The collector car demographic is getting older, and Ryan shares the concern about the slow but rapidly increasing attrition of members of the car community. Who will take their place and keep the hobby alive as the aging car owners leave for the “Hot Rods in Heaven” car show?
The much newer sport-compact import cars are considered desirable by some of Ryan’s contemporaries. The reason may be the affordability of both buying and maintaining these foreign cars.
“The desire to own a classic American car doesn’t exist for people my age because everyone thinks that they are too expensive,” Ryan says. “There will be no interest until the price of them drops.”
This wish is slowly coming true. As the collector car community ages, car values are dropping. Watching television auction shows may make people think otherwise, but the majority of 1940 Fords, 1957 Chevrolets and many other popular American collector cars are now frequently selling for half of what they sold for 10 or 15 years ago.
What can be done to encourage the interest of Ryan’s generation?
“At car shows people are surprised to find out that I’m the owner of the big 1970s-era Ford on display. This is an opportunity to encourage other teenagers to consider owning one of these types of cars.”
Ryan’s Elite is a good example of what some consider an “entry-level” collector car. These aging American cars, many from the 1970s, will be welcomed at most car shows and may even transport home a trophy at the end of the day. Purchasing one usually requires only one comma and a few zeros to be written on the check made out to the seller.
Another way to bring new people into the car hobby is to make car shows a family event.

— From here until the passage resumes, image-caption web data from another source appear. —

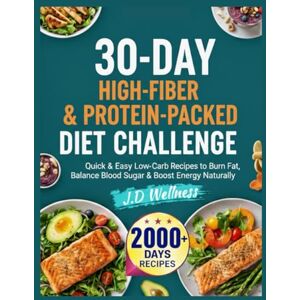 Wellness, J.D 30-Day High-Fiber & Protein-Packed Diet Challenge: Quick & Easy Low-Carb Recipes To Burn Fat, Balance Blood Sugar & Boost Energy Naturally Wellness, J.D 30-Day High-Fiber & Protein-Packed Diet Challenge: Quick & Easy Low-Carb Recipes To Burn Fat, Balance Blood Sugar & Boost Energy Naturally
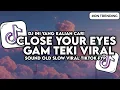 Download Lagu DJ CLOSE YOUR EYES X GAM GAM TEKI SOUND OLD VIRAL TIKTOK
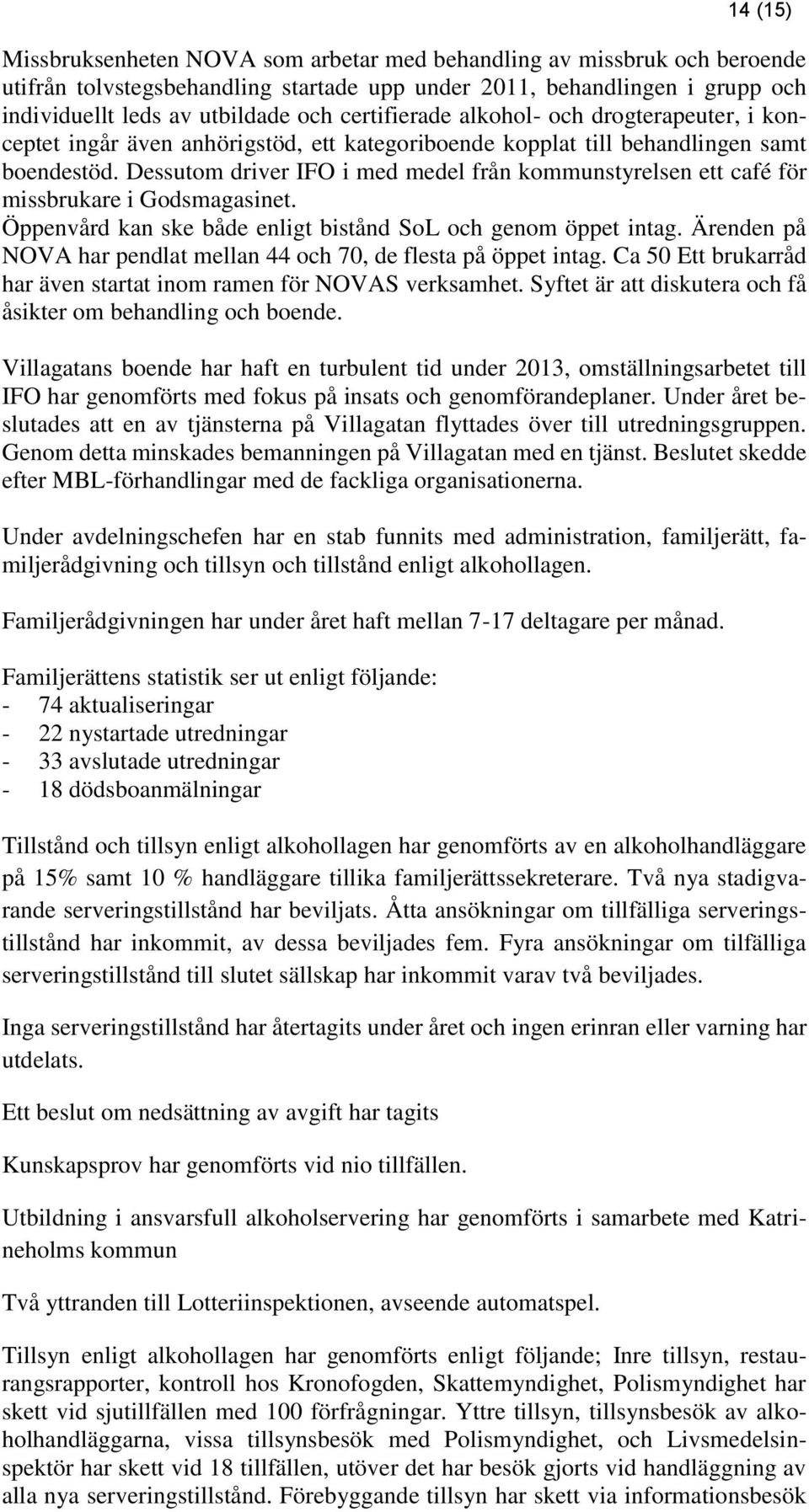 Dessutom driver IFO i med medel från kommunstyrelsen ett café för missbrukare i Godsmagasinet. Öppenvård kan ske både enligt bistånd SoL och genom öppet intag.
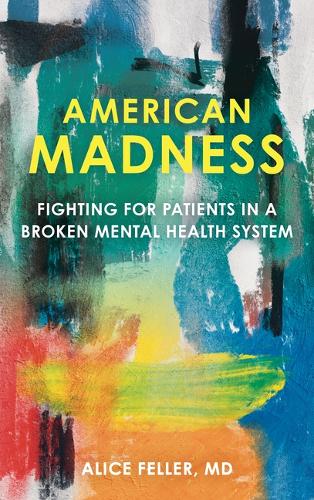 Паперова книга «American Madness: Fighting for Patients in a Broken Mental Health System», автор Еліс Феллер - фото №1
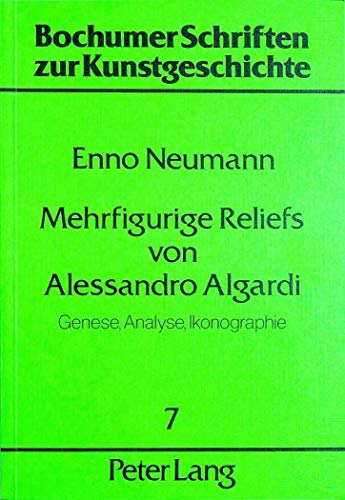 9783820456219: Mehrfigurige Reliefs Von Alessandro Algardi: Genese, Analyse, Ikonographie: 7 (Bochumer Schriften Zur Kunstgeschichte)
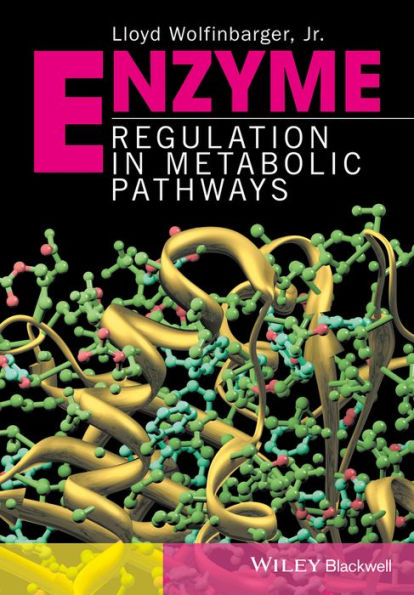 Enzyme Regulation in Metabolic Pathways / Edition 1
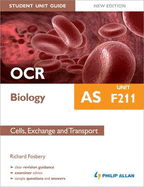 OCR AS Biology Student Unit Guide: Unit F211 Cells, Exchange and Transport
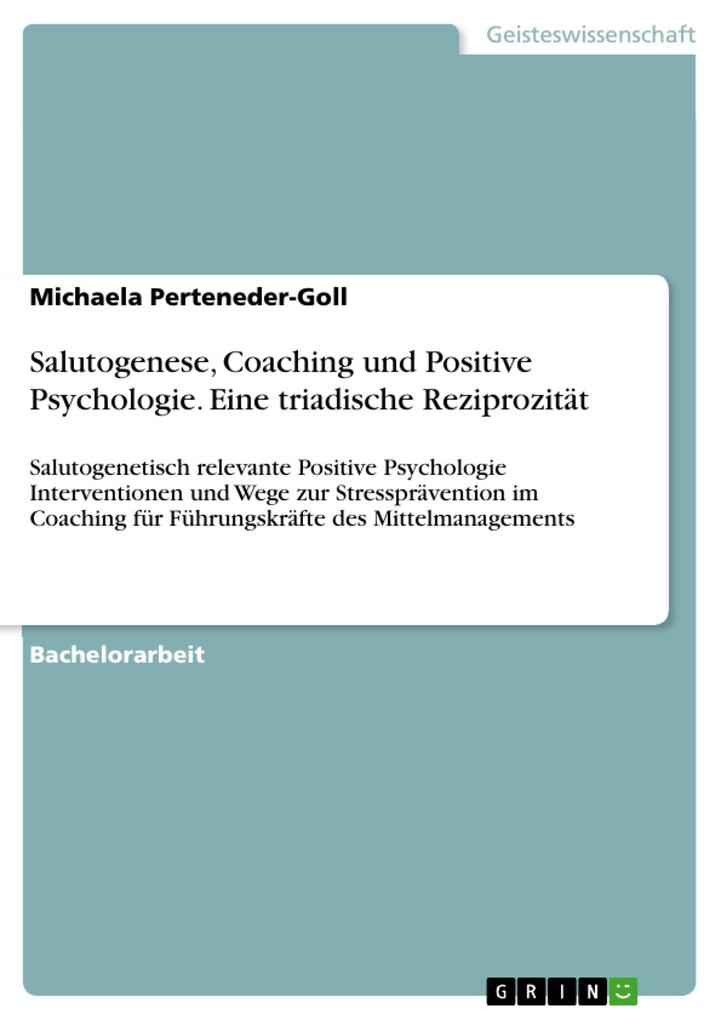 Salutogenese Coaching und Positive Psychologie. Eine triadische Reziprozität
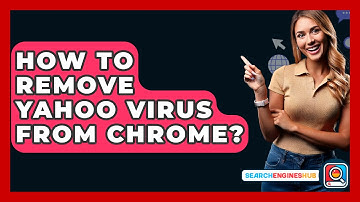 How To Remove Yahoo Virus From Chrome? - SearchEnginesHub.com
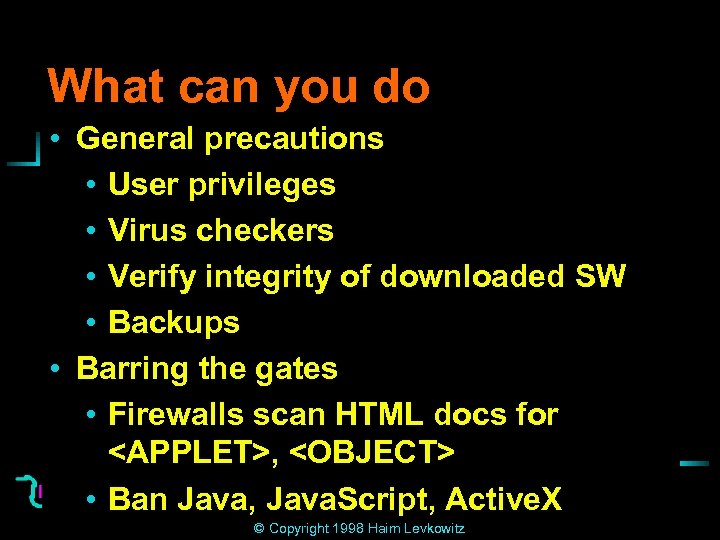 What can you do • General precautions • User privileges • Virus checkers •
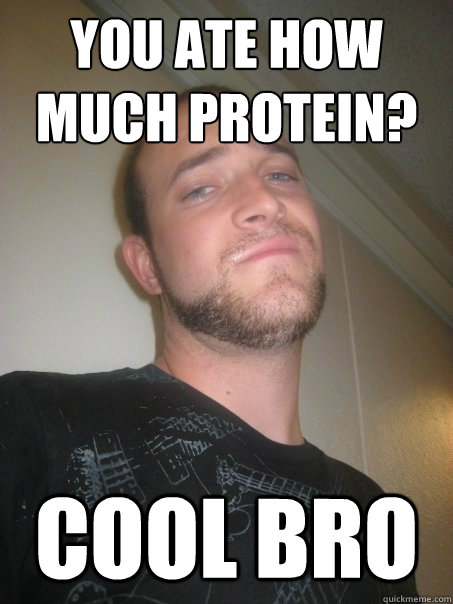 You ate how much protein? Cool Bro - You ate how much protein? Cool Bro  Cool Bro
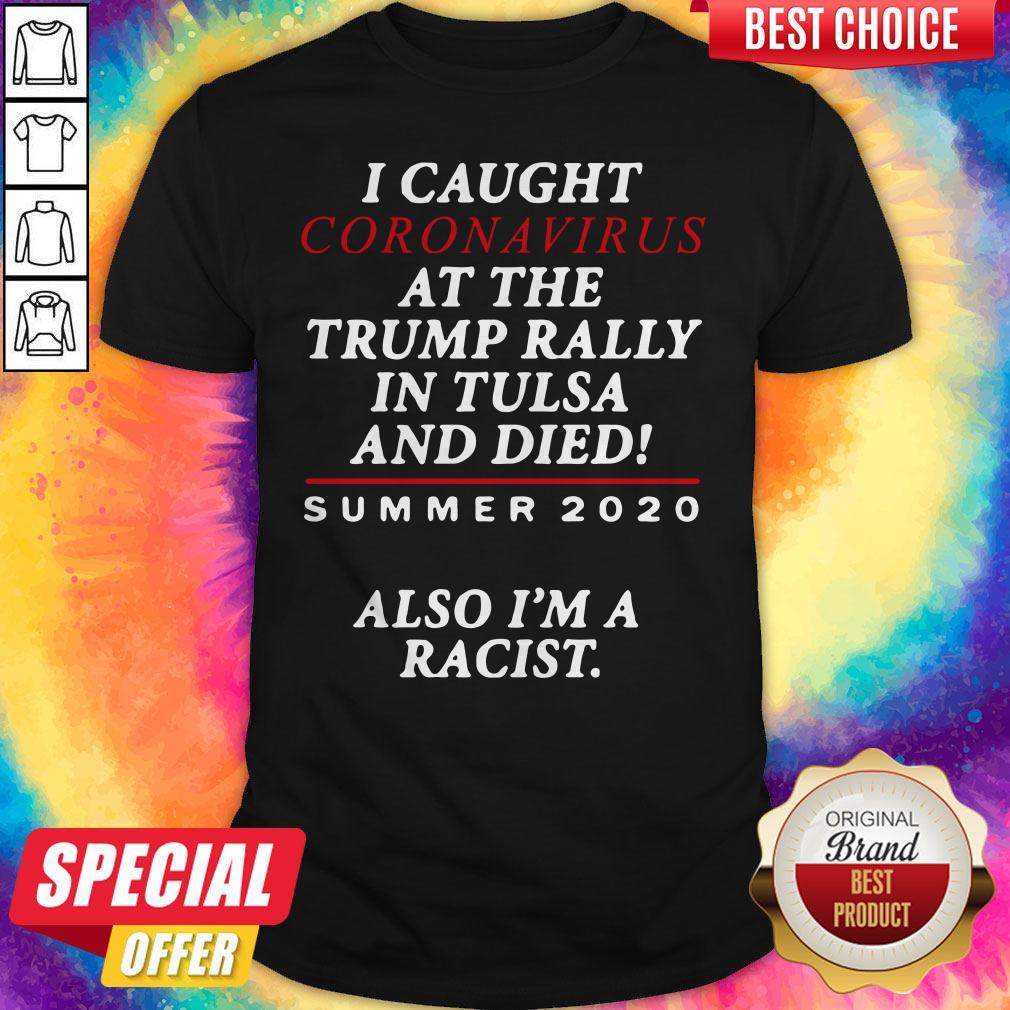 good-i-caught-coronavirus-at-the-trump-rally-in-tulsa-and-dies-summer-2020-shirt.jpg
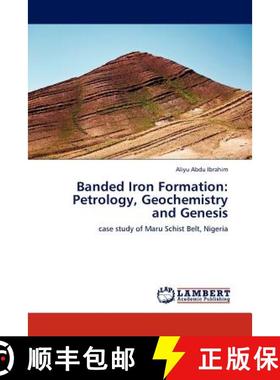 【3-4周达】Banded Iron Formation: Petrology, Geochemistry and Genesis [9783845411255]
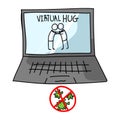 Sending virtual hug corona virus crisis banner on laptop. Defeat sars cov 2 stay home infographic. Social media love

Ryan’s parents, Gary and Carol, are very active in the Northwest car community and, like Ryan, spend time volunteering at a few car shows.
With a smile Gary says, “As a small child Ryan was totally into trains. Then one day he took an interest in cars and the trains began being replaced with miniature Fords and Chevrolets.
His expanding interest in cars, collecting toy cars, attending car shows and eventually acquiring a real car has been, and continues to be, a wonderful experience for our family.”
“When he was younger he found ways of earning money to purchase his miniature collection,” says his mother, Carol. “A collector car repair shop in Seattle and the owner of a collection of everything automotive in Port Townsend put Ryan to work cleaning up and around their shops. A few hours holding a broom and dustpan provided enough money for him to hold a new little car or, as he grew older, replace a broken piece on his full-sized car.”
Ryan’s “car guy” resume includes spending time with the ultimate car guy. He participated in a Hagerty Insurance project that encouraged young people to produce videos featuring something or someone prominent in the old car hobby. Ryan and his parents packed their bags and flew to California to meet up with everyone’s favorite denim-wearing car collector, Jay Leno. The video was featured in a television broadcast and added a valuable experience to Ryan’s growth in the car hobby.
It is said that wisdom comes with age.
“Age is not an issue,” says Ryan. “More people of all ages should be driving these cool old American cars.”